ABOUT THIS TASK: Give back exactly the lines of the material below that start at the line containing "Toyota 90170-14032 Nut" and end at the line containing "دانلود دوبله فارسی", and no others.

LISTED RECORDS:
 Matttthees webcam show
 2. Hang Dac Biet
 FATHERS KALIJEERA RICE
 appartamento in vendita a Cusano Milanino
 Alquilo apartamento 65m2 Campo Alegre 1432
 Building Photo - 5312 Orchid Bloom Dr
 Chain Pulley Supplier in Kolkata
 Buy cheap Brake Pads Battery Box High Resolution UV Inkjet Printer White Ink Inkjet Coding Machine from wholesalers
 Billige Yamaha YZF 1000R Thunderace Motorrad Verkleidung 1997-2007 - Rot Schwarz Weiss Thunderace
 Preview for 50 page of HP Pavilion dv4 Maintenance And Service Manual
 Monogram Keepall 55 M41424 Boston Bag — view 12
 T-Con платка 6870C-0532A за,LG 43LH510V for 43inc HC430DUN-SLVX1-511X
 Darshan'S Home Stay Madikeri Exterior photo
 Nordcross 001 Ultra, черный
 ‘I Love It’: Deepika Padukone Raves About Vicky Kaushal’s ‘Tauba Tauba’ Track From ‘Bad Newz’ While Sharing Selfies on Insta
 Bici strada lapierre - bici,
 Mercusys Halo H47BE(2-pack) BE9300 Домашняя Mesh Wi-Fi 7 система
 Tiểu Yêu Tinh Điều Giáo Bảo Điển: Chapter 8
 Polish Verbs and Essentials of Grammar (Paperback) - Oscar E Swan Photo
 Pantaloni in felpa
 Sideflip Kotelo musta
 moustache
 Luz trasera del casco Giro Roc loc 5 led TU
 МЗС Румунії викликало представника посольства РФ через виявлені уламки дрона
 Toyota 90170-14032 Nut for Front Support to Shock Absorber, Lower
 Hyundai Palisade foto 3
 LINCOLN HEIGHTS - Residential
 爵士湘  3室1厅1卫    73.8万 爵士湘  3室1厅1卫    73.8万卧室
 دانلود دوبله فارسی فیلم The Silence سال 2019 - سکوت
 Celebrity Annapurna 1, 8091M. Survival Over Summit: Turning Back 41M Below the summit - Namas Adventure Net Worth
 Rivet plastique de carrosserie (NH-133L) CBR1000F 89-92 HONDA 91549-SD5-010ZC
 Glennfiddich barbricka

ANSWER TO THE PROBLEM:
 Toyota 90170-14032 Nut for Front Support to Shock Absorber, Lower
 Hyundai Palisade foto 3
 LINCOLN HEIGHTS - Residential
 爵士湘  3室1厅1卫    73.8万 爵士湘  3室1厅1卫    73.8万卧室
 دانلود دوبله فارسی فیلم The Silence سال 2019 - سکوت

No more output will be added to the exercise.